- Coat of arms
- Coordinates (Goraj): 50°43′N 22°39′E﻿ / ﻿50.717°N 22.650°E
- Country: Poland
- Voivodeship: Lublin
- County: Biłgoraj
- Seat: Goraj

Area
- • Total: 67.87 km^{2} (26.20 sq mi)

Population (2006)
- • Total: 4,439
- • Density: 65/km^{2} (170/sq mi)

= Gmina Goraj =

Gmina Goraj is an urban-rural gmina (administrative district) in Biłgoraj County, Lublin Voivodeship, in eastern Poland. Its seat is the town of Goraj, which lies approximately 20 km north of Biłgoraj and 60 km south of the regional capital Lublin.

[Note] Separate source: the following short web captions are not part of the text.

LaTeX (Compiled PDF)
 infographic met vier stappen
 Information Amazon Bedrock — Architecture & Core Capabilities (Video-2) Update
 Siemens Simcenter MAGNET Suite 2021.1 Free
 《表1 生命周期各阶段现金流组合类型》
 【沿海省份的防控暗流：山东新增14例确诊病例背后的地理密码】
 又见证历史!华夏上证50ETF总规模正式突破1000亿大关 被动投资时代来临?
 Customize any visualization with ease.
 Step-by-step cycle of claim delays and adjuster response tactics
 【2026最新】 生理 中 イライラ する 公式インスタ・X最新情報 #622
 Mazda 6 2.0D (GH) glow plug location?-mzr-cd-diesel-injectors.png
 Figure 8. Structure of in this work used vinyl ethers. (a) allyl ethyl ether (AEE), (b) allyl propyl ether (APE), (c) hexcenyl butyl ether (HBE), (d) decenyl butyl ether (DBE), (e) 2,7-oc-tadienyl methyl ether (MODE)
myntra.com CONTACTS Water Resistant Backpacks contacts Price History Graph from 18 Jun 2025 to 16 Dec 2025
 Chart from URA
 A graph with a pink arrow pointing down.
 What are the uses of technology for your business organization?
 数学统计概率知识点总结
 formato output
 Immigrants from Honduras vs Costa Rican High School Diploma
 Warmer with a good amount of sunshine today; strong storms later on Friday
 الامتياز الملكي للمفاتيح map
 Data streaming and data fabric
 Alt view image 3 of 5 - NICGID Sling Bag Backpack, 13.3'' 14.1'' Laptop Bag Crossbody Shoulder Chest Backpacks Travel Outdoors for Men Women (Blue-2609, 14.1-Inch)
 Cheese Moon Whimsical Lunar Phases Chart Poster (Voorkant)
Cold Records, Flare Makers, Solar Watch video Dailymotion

The gmina covers an area of 67.87 km2, and as of 2006 its total population is 4,439.

==Villages==
Apart from the town of Goraj, Gmina Goraj contains the villages and settlements of Abramów, Albinów Duży, Albinów Mały, Gilów, Hosznia Abramowska, Hosznia Ordynacka, Jędrzejówka, Kondraty, Majdan Abramowski, Średniówka, Zagrody and Zastawie.

==Neighbouring gminas==
Gmina Goraj is bordered by the gminas of Chrzanów, Dzwola, Frampol, Radecznica and Turobin.